Suppose we wanted to fit the following model below using health data from Hoffman and Fidell (1979). The observed variables are

• age - age bracket of the participant
• scstress - stress measure rescaled to help SEM estimation
• esteem - self-esteem measurement
• attmar - satisfaction with marital status
• control - locus of control measurement

The diagram can be expressed formulaically:

\begin{align*} \text{age} & = \lambda_1 \text{(age_f)} + e_1 \\ \text{scstress} & = \lambda_2 \text{(stresss_f)} + e_2 \\ \text{esteem} & = \lambda_3 \text{(self)} + e_3 \\ \text{attmar} & = \lambda_4 \text{(self)} + e_4 \\ \text{control} & = \lambda_5 \text{(self)} + e_5 \end{align*}

The observed measures are linear combinations of latent factors and residuals, which are sometimes interpreted as measurement error.

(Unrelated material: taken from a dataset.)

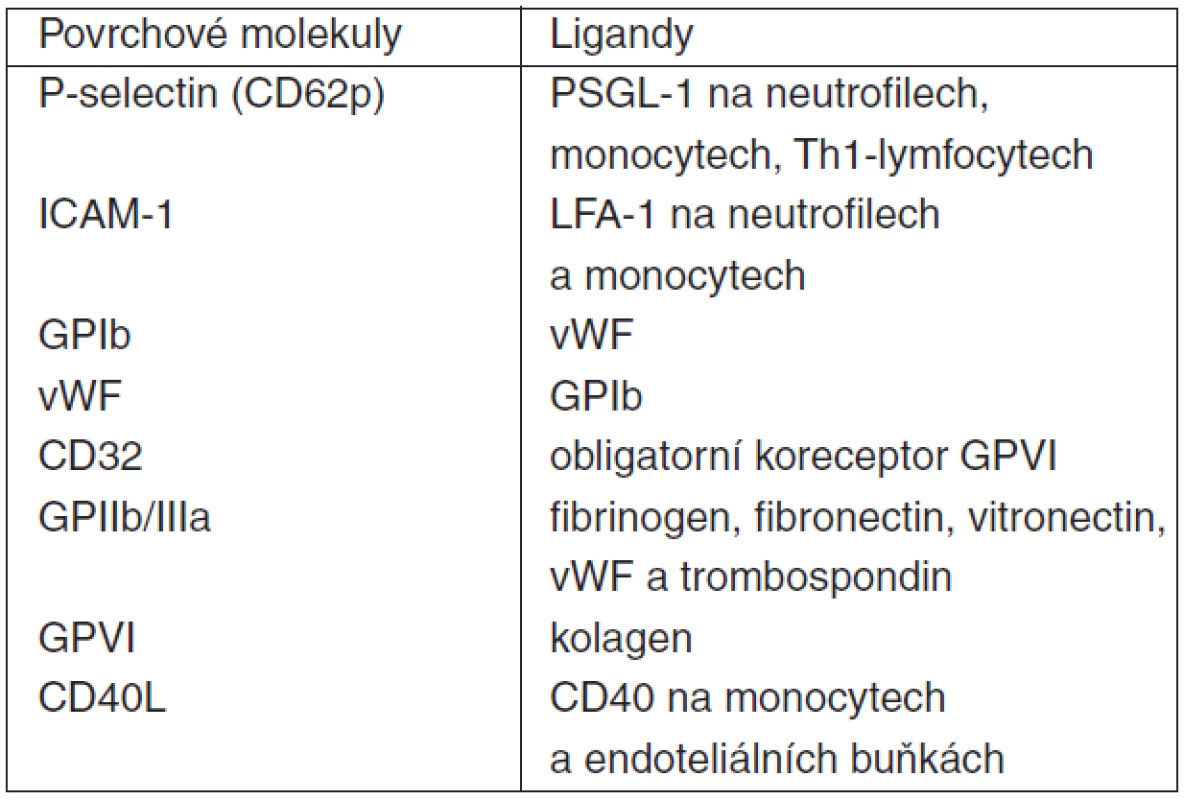 Vybrané membránové receptory při intercelulárních interakcích trombocytů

If we assume age is a perfect measure of age_f (the true age), then the reliability of the measure is 100% and the variance of $e_1$ to be 0. For identification, we can fix $\lambda_1$ to 1, in which case the latent factor will inherit the variance of age. Otherwise, we can fix the variance of age_f to 1, in which case $\lambda_1$ will be the estimated standard deviation of age.

These consequences can be determined from the calculation of the variance of a linear combination of variables. For example, suppose $Y = aX_1 + bX_2$. Thus, $\text{Var}(Y) = a^2\text{Var}\left(X_1\right) + b^2\text{Var}\left(X_2\right) + ab\text{Cov}\left(X_1, X_2\right)$.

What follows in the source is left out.